Abstract
Mitochondrial genome heteroplasmy—the presence of more than one genomic variant in individuals—is considered only occasional in animals, and most often involves molecules differing only by a few recent mutations. Thanks to new sequencing technologies, a large number of DNA fragments from a single individual can now be sequenced and visualized separately, allowing new insights into intra-individual mitochondrial genome variation. Here, we report evidence from both (i) massive parallel sequencing (MPS) of genomic extracts and (ii) Sanger sequencing of PCR products, for the widespread co-occurrence of two distantly related (greater than 1% nucleotide divergence, excluding the control region) mitochondrial genomes in individuals of a natural population of the leaf beetle Gonioctena intermedia. Sanger sequencing of PCR products using universal primers previously failed to identify heteroplasmy in this population. Its occurrence was detected with MPS data and may have important implications for evolutionary studies. It suggests the need to re-evaluate, using MPS techniques, the proportion of animal species displaying heteroplasmy.

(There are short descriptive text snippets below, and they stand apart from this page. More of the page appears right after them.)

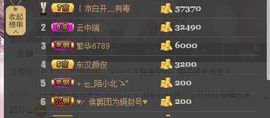 😱……主播照片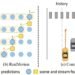 Novel motion forecasting framework can deliver safer and smarter self-driving cars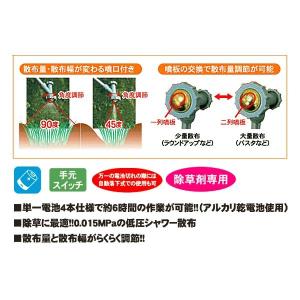 工進 除草剤散布機 除草剤散布器 10L JS...の詳細画像3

Keywords: heteroplasmy, massive parallel sequencing, mtDNA, paternal leakage
1. Introduction
Animal cells typically carry hundreds to thousands of mitochondria [1], each with its own genome, which in theory could result in the co-occurrence of multiple genomic variants per cell/individual. However, it is usually believed that most individual animals are homoplasmic, i.e. harbouring mostly a single mitochondrial (mt) genome variant, to the extent that in population genetic studies, individuals are generally considered haploid for their mt genome [2,3]. Individual homoplasmy is essentially achieved through a strictly maternal inheritance of the mt genome, and possibly through strong genetic bottlenecks occurring inside germline cells [4]. Nonetheless, the list of reported exceptions to the rule of strictly maternal inheritance is growing in animals, with paternal leakage (i.e. a fraction of the mtDNA molecules are inherited from the father) detected in many animal groups, including insects [4–7]. This suggests that the actual occurrence of heteroplasmy may be higher than previously suspected, which can have major implications for evolutionary studies. For example, the detection of widespread heteroplasmy in a species would increase the assumed mtDNA effective size of its populations (relative to that of nuclear DNA), a parameter that is often used to estimate divergence times between two populations and species [8].
The emergence of next-generation sequencing techniques enables the massive sequencing of a large amount of DNA fragments from a genomic extract, and thus offers a tool to investigate intra-individual genomic variation. Here, following MPS, we report mitochondrial heteroplasmy in the leaf beetle Gonioctena intermedia, which was not detected previously by traditional Sanger sequencing using universal primers. In this instance, two divergent mitochondrial genomes were recovered from each individual, suggesting that mutation was not the mechanism responsible for heteroplasmy. We first identified a large number of polymorphic sites in the mt genome of two individuals by analysing MPS reads, and inferred the presence of at least 2 mt genome variants per individual. We then confirmed the heteroplasmic nature of these individuals through PCR and Sanger sequencing of 1 mt gene fragment (cytochrome c oxidase subunit I; COI). We extended our investigation to the sequencing of this mt gene for 22 additional insects collected in five sampling sites, and found that heteroplasmy is widespread in the region. This could be a consequence of a relatively ancient origin and subsequent persistence in the population, and/or of the frequent occurrence of paternal leakage (i.e. multiple recent origins leading to convergent patterns of heteroplasmy among individuals).
2. Material and methods
Twenty-four individuals of the European leaf beetle G. intermedia were collected from five sampling sites in the Belgian Ardennes (pairwise distances from 4 to 20 km; electronic supplementary material, S1). For two individuals, DNA libraries were prepared and sequenced with MPS technology. A mitochondrial genome reference sequence was assembled and annotated for both individuals (electronic supplementary material, S2). MPS reads were mapped to the assemblies after excluding the control region (whose assembly was more challenging due to its repetitive nature; electronic supplementary material, S2), allowing identification of single-nucleotide polymorphisms (SNPs) in the mt genome.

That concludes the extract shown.